Runners are offline but when I SSH into host, it suddenly becomes online

When you install a fresh macOS on a mac device, it comes with predefined power settings which makes it energy efficient.

So, most probably, your macOS host sleeps when there is no UI interaction, and awakes on SSH login.

To do that, please configure your power settings on the host machine.

You can re-check the Configure Power Settings title for power management on the host.

I want to make some configurations to macOS base image but need desktop UI for them

If you're not comfortable with CLI, you can also make your customizations using macOS desktop.

For this purpose, remove --no-graphics argument from tart run commands.

Below step in update base images section,

2- Run vm01 base image. screen -d -m tart run vm01 --no-graphics

should be like this in this case.

2- Run vm01 base image. screen -d -m tart run vm01

Deleting Xcode simulator runtimes to create free disk space

Occasionally, you may need to manage disk space on your macOS base VM due to storage constraints or other reasons. One way to free up disk space is by deleting unused Xcode simulator runtimes.
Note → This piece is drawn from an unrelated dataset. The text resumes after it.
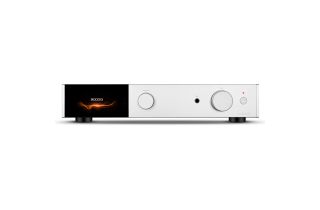 Audiolab 9000Q Preamplifier - Silver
To list the installed Xcode simulator runtimes, run the following command on your base VM:

xcrun simctl runtime list 2>/dev/null

If you determine that certain iOS, watchOS, tvOS or visionOS(xrOS) runtimes are not needed, you can delete them to free up disk space:

xcrun simctl runtime delete <runtime_id>
caution

Xcode simulator runtimes are essential for testing and debugging iOS, watchOS, and tvOS applications on virtual devices. Deleting a runtime will prevent you from running or debugging an app on that specific device. Other simulators and runtimes will remain unaffected.

Be cautious when deleting Xcode simulator runtimes, as this action is irreversible. Removing a simulator runtime can impact the Xcode build process. For example, if you delete a watchOS runtime, you will no longer be able to build an iOS app that targets the deleted watchOS runtime. Ensure that the runtime you plan to delete is not required for your build pipeline.